What should you do with this list, after you modify it to fit your own voice and policies? Two things. First, create a printed list with checkboxes next to it for internal use. As you have that first conversation with the prospect—and it should always be on the phone and not in person—check the boxes off and see where they don't qualify. You’ll be making a more intentional decision without getting overly optimistic about "opportunity."

Second, pare the list down and publish it on your website. A primary purpose of your website is to attract leads, and then let the prospect self-select themselves out of the running if they are not qualified. That way, you never even have the opportunity to compromise.

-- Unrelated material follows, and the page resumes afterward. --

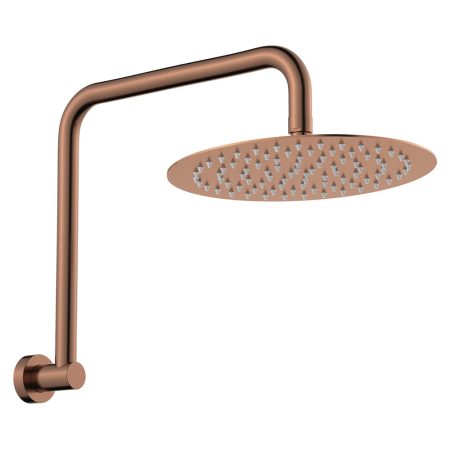 CALI GOOSENECK SHOWER ARM SET 411125CO-A BRUSHED COPPER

Chasing unqualified opportunities is the biggest time waster in business development. For a great example of this, look at Interrupt Marketing’s pricing page.  

Effort qualifying clients is time well spent. There is only so much “shaping” you’ll be able to do once they on are board. If you find yourself lacking the courage to be choosy, it's because you don't have enough opportunities to choose from. If that’s the case, it’s time to reduce your capacity or increase your leads with better positioning and smarter lead generation.